目次

  1. フィジカルインターネットとは
  2. フィジカルインターネットが注目される3つの理由
    1. 宅配便の増加
    2. トラックドライバーの不足
    3. CO₂削減の要請
  3. 実現目指す経産省・国交省
  4. ヤマト・コンビニ・JRの事例
  5. 欧州で進む実証実験

 インターネットでは、限られた回線を使って効率よくデータをやりとりするため、様々な工夫がされています。ネット回線をトラックなどの輸送網に、データを荷物におきかえて、限られた輸送手段を効率的に使おうというのがフィジカルインターネットのおおもとの考え方です。

 2010年ごろから、欧州を中心に広がり始めました。

 インターネットの前に普及した電話は、ひとつの回線を専有して話す方式のため、同じ回線を複数の人でシェアすることができませんでした。

 現在のインターネットはパケット通信と呼ばれる方式で、送り手が受け手にデータを届ける際、データを小分け(パケット)にして送ります。このため複数の送り手が同じ回線を使って、効率よくデータを届けることが可能となっています。

フィジカルインターネットのイメージ(第1回フィジカルインターネット実現会議の経済産業省の資料から引用)

 この仕組みを現実の物流にあてはめるとどうなるか。現在は運送会社Aが東京から大阪にトラックで荷物を送るとき、トラックに乗せるのは原則として自社の窓口で集めた荷物だけです。トラックというひとつの回線を、自社の荷物だけで専有しているといえます。荷台に空きがあってもそのまま運ぶことになり、必ずしも効率がいいとは言えません。

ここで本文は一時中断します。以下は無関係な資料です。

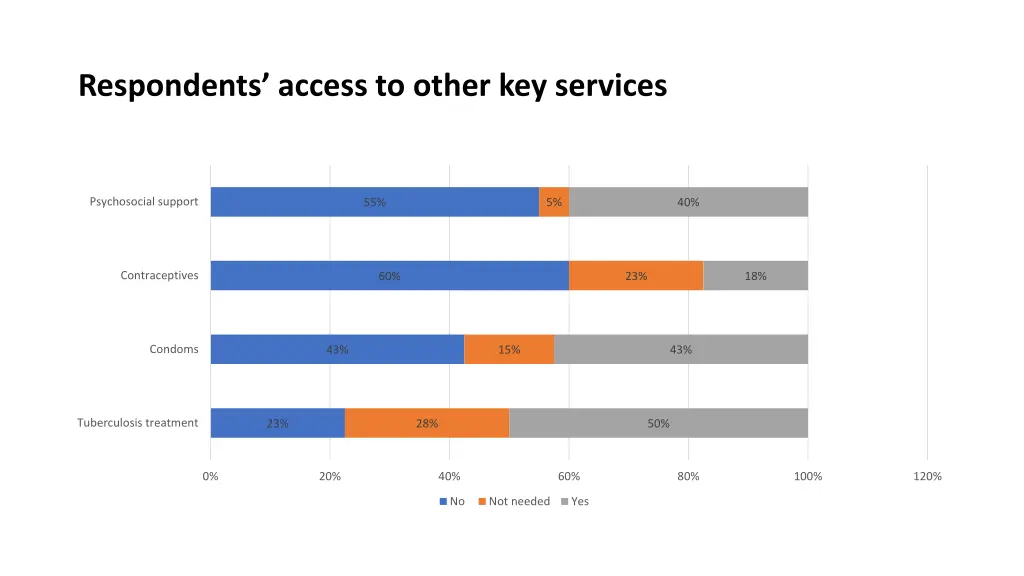 respondents access to other key services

 フィジカルインターネットの考えでは、こうしたトラックの荷台を多くの運送会社でシェアします。異なる会社に預けた荷物も、共同の集積所に一度集められて目的地ごとにふりわけられ、1台のトラックに効率よく荷物を満載できるようになります。

 またひとつの輸送ルートを複数の会社でシェアできるようになると、インターネットの網の目のように、他社のルートも含めてもっとも効率よい輸送ルートを選べるようになります。こうしたことで限られた台数のトラックでも効率よく荷物を運べることが期待されます。

 日本国内でフィジカルインターネットが注目される背景には、物流業界が抱える3つの課題があります。

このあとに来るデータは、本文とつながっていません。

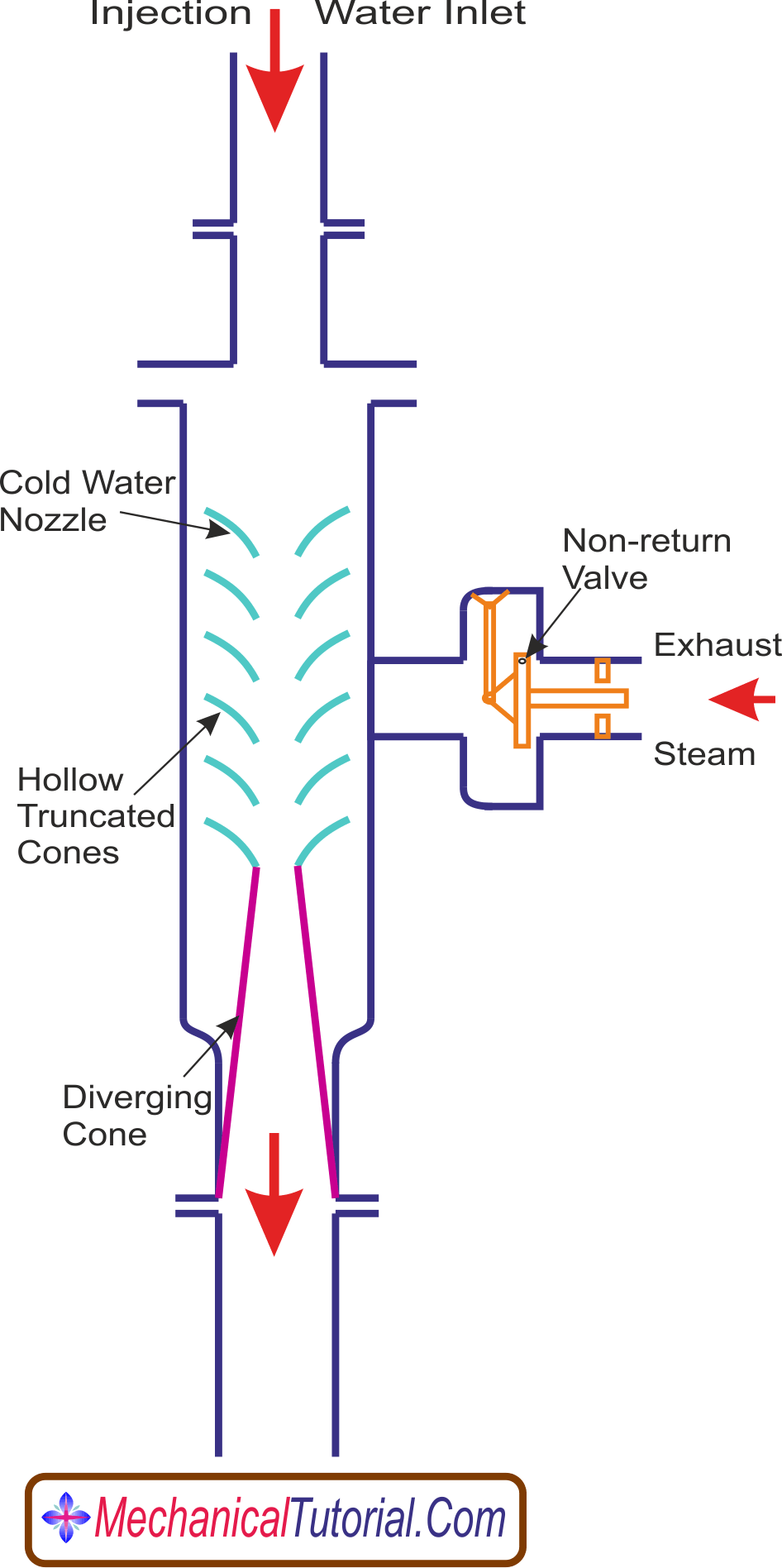 Jet Condenser Different Types Of Jet Condenser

 アマゾンをはじめとしたネット通販の普及により、宅配便の数はここ10年ほどで大きく伸びました。2020年度はコロナ禍での巣ごもり需要もあり、大手のヤマト運輸、SGホールディングスは、宅配便取り扱い個数が過去最多となりました。一方で多品種、小ロットの荷物が増えたことから、トラック内の空きスペースが増え、積載効率は低下傾向にあります。

 規制緩和による競争激化の影響でドライバーの労働環境が悪化し、2000年代後半以降、トラックドライバーの数は急減しました。少子化の影響もあり、2030年には物流需要の約36%が運べなくなるとの試算(PDF方式:8.4MB)もあります。

 2050年のカーボンニュートラル実現に向け、省エネや脱炭素エネルギーの利用は今後いっそう強く要請されることが予想されます。日本のCO₂排出量(約11億トン)のうち、貨物自動車の排出量は6.8%をしめており、排出量削減の観点からも、輸送の効率化が求められます。

 こうした物流業界の課題をフィジカルインターネットで解決できないかと、政府も動き始めました。

 2021年10月には、経済産業省と国土交通省が、「第1回フィジカルインターネット実現会議」を開催。約20人の識者が集まり、実現のための課題やゴールの姿を話しあいました。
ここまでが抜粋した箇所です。